Fellow founder and guitarist Malcolm Welbourne, also known as Papa Mali, said the seed for The Killer Bees was planted more than 20 years ago after a fateful trip to Jamaica.

"I was barely 22 when I visited Jamaica, and it changed my life," Mali said. "When I came back, all I had on my mind was the desire to start a reggae band."

Mali said he searched for two years for a musician to join him before meeting Johnson, who had also been to Jamaica during his days in the military service and was also a fan of reggae music. Together in their hometown of Shreveport, La., they formed The Killer Bees. 

Mali said The Killer Bees started playing funk and jazz music. The idea to become an all-out reggae band came after Mali made a trip to New Zealand.

"Reggae music had become very popular in New Zealand during the time I made my trip there," Mali said. "When I came back I was more determined than ever to form a reggae band. Mike (Johnson) said a reggae band would never work in Louisiana, so we got a manager and agent, and set out to move to Austin." 

Austin proved to be a smart move for The Bees, Mali said, because its fan following rapidly gained momentum.

"We started to tour all over and work really hard to promote our music," he said. "At the time Bob Marley had passed away and because of his music surfacing to the mainstream, reggae music had become very popular. We toured all over the U.S. and overseas as well." 

Mali said their brand of reggae has a style of its own.

"Our musical influences are a mixture of musicians, like The Beatles, The Rolling Stones, and a lot of funky music like LA Meters, Dr. John, and The Neville Brothers," he said. "And of course, we listened to a lot of reggae too, such as Bob Marley, Black Uhuru and Steel Pulse.

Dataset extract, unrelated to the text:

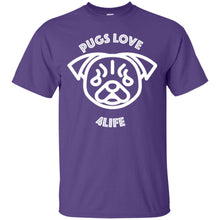"Pugs Love 4Life" - Custom Personalized T-shirts Men's Women's Ultra Cotton T-Shirt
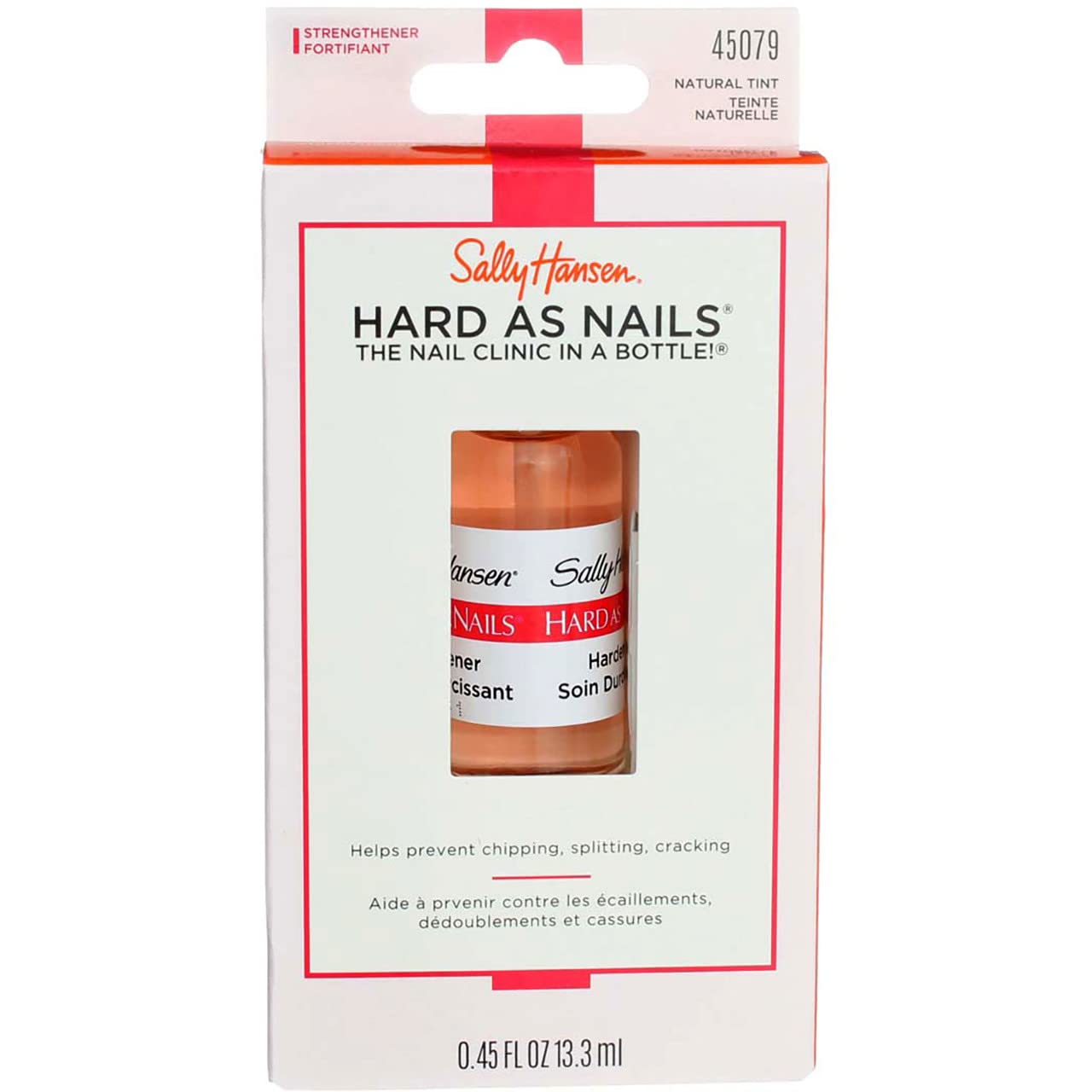 Sally Hansen Hard As Nails Natural Tint Nail Polish - 0.45 oz (3-Pack) - Strengthening & Nourishing Formula for Healthy, Shiny Nails - Perfect for Daily Use, Manicures & At-Home Nail Care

Our sound is a result of a combination of all of these bands." 

Mali said one of the earliest highlights for the band came in 1987, when The Killer Bees was the first American band invited to play at The Reggae Sun Splash festival in Jamaica. The second achievement followed the same year, when the band's first release "Grooving" won the Best Reggae Recording award from the National Association of Independent Record Distributors, according to musicaustin.com. 

After being in the band and on the road together for so long, Mali said he needed a break.

"By the late 80s, we had been on the road touring 300 days a year for almost ten years. I told Mike I needed a break," he said. "He encouraged me to take some time off and went on with the band. He told me that he would go on with the band, and I was welcome to come back when I was ready." 

When he returned to the band in 1991, the band was going as strong as ever, Mali said.

"We finished up a live recording from a concert in Germany and our latest album reached the No. 1 slot on the Billboard Reggae charts," he said. "We were really excited about the future of the band." 

But tragedy struck in 1998. Mali said Johnson's health started to deteriorate, leading to a heart attack.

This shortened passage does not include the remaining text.